Roenicke said Gomez has the potential to be "scary" for opposing teams, but before Wednesday's game, the second-year skipper said it all depends on his plate discipline.
"We know he can play good defense," Roenicke said of Gomez. "If he gets on base, he's going to steal. It really comes down to the at-bats. Everything else is good with his game. When he's hitting well, he's great to have in the lineup."
Gomez's ability as a baserunner proved vital on Wednesday, as his steal of second base allowed him to score easily on Braun's game-winning double, which snapped an 0-for-18 slump for the reigning NL MVP Award winner.
"There aren't too many better ways [to break out of a slump] than to help your team win a game," Braun said. "Certainly not the first time I've struggled, and it won't be the last, but it's never enjoyable when you go through something like that. It's always nice to get a hit.

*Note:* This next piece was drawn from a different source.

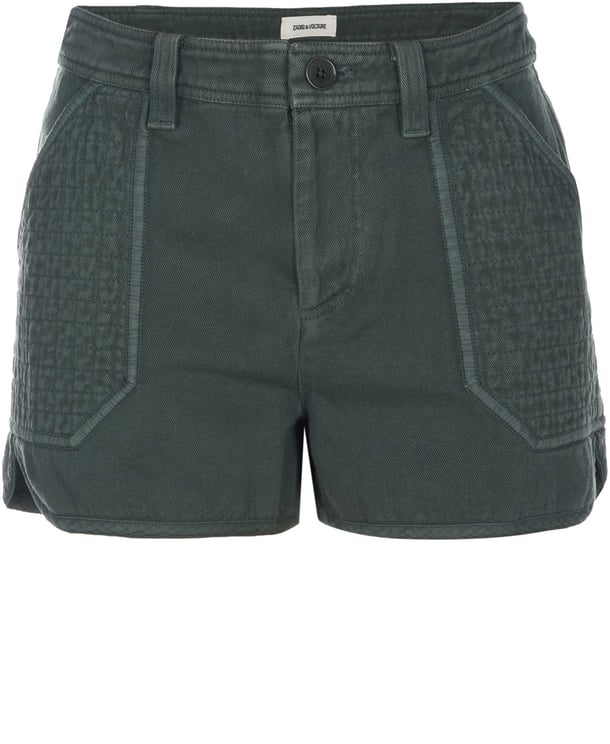 Zadig&Voltaire Zadig Voltaire SEI COTTON TWILL Shorts khaki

It's that much more enjoyable when it happens in a victory in a big situation."
With Wolf out of the game, the Brewers received a solid effort from the bullpen for the second straight game, as Jose Veras and John Axford handled the seventh and eighth innings before rookie Jim Henderson earned his second save in as many days. Wednesday marked just the second time Milwaukee has won this season when trailing after seven innings, and Roenicke said it has been good to watch his team play to its potential.
"When we do play like that, we can beat any team," Roenicke said. "As good as the Reds have been, when we play good ball, we can beat the Reds. We have to carry that out. No matter where we finish out, we still need to play like that [and] have the confidence to play like that."